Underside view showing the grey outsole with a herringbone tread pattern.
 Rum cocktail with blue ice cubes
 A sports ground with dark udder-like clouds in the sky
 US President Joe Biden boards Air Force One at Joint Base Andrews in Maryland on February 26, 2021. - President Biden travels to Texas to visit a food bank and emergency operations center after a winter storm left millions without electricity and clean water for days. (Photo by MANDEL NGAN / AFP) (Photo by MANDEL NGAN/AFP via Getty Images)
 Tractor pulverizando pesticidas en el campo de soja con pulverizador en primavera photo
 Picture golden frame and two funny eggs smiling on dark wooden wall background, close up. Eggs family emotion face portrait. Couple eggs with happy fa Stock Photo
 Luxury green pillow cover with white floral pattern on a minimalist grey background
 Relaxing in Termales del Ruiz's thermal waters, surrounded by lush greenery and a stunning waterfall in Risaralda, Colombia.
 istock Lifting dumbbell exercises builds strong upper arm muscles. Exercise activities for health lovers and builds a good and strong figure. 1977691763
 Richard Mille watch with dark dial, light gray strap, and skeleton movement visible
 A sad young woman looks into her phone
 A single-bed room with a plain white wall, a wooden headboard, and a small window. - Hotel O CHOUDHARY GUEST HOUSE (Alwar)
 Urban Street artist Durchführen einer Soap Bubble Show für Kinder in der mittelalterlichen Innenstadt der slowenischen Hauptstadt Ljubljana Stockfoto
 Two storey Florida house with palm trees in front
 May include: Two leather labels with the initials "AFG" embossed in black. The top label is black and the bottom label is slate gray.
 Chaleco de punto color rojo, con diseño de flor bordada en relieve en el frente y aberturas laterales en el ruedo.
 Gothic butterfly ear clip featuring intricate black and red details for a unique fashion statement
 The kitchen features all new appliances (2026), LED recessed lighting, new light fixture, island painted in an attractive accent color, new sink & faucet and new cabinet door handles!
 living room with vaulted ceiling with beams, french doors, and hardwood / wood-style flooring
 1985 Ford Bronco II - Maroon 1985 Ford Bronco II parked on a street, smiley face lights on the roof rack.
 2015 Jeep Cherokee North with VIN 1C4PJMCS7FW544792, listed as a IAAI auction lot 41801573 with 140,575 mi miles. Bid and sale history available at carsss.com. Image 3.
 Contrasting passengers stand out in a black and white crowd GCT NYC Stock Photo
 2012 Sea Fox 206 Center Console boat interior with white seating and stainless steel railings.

What to work on: From the data, list each line in which the string "dark" appears.

Task solution:
 A sports ground with dark udder-like clouds in the sky
 Picture golden frame and two funny eggs smiling on dark wooden wall background, close up. Eggs family emotion face portrait. Couple eggs with happy fa Stock Photo
 Richard Mille watch with dark dial, light gray strap, and skeleton movement visible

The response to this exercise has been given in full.